##### The input

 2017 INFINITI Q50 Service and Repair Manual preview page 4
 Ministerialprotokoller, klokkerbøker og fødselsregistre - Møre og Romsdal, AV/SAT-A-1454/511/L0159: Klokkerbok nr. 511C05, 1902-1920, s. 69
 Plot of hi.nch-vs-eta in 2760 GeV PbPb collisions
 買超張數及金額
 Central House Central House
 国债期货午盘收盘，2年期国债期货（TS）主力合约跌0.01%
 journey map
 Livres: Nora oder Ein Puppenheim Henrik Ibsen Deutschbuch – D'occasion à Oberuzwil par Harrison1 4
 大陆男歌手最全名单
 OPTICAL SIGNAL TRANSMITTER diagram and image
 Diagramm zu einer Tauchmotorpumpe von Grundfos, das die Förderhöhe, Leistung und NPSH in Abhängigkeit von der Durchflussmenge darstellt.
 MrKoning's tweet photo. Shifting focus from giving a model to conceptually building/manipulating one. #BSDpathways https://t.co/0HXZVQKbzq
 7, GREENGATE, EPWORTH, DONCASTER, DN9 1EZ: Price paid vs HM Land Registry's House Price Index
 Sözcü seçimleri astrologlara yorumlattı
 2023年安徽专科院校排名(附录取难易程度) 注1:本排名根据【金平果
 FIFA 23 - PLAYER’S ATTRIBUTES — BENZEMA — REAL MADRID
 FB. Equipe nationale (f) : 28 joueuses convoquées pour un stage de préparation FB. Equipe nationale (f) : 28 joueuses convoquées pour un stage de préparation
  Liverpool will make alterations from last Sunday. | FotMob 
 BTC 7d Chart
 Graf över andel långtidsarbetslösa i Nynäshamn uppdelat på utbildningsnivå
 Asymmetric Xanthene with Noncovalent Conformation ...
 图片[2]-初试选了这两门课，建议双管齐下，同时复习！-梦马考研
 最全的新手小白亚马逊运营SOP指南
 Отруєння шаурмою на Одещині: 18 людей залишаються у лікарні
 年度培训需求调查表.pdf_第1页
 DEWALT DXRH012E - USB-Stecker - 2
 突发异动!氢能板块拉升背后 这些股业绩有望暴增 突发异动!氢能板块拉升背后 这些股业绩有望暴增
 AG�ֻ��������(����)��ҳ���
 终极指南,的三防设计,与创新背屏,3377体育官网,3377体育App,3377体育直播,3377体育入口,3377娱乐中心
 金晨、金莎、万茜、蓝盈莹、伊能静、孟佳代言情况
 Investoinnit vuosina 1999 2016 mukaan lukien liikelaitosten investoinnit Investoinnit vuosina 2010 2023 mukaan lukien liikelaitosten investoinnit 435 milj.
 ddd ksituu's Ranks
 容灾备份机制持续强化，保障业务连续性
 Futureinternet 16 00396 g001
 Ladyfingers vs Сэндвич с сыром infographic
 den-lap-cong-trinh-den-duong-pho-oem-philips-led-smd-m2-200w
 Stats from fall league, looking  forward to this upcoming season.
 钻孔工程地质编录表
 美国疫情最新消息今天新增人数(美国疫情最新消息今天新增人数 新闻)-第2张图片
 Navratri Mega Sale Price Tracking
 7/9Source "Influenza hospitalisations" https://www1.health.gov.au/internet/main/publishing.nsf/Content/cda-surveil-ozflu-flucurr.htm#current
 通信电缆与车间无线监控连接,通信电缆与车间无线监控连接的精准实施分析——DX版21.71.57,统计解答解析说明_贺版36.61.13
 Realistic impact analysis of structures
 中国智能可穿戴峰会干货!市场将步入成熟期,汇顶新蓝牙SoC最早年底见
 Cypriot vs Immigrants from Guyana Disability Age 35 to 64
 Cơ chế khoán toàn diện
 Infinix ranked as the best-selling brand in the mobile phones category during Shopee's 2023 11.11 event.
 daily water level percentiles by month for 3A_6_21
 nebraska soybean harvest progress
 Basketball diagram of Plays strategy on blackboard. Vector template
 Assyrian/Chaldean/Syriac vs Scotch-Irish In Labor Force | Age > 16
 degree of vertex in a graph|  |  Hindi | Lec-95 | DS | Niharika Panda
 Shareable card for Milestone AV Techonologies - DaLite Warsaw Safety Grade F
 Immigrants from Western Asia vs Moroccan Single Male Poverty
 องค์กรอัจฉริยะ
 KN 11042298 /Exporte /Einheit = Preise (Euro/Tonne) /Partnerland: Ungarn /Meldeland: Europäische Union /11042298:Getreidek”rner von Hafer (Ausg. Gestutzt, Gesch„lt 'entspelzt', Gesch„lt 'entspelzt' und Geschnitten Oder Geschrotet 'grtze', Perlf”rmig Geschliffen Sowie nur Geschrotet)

##########

- **Work task**
Wherever the word "https" appears in a line of the data, copy that line.

- **Solution to this problem**
 MrKoning's tweet photo. Shifting focus from giving a model to conceptually building/manipulating one. #BSDpathways https://t.co/0HXZVQKbzq
 7/9Source "Influenza hospitalisations" https://www1.health.gov.au/internet/main/publishing.nsf/Content/cda-surveil-ozflu-flucurr.htm#current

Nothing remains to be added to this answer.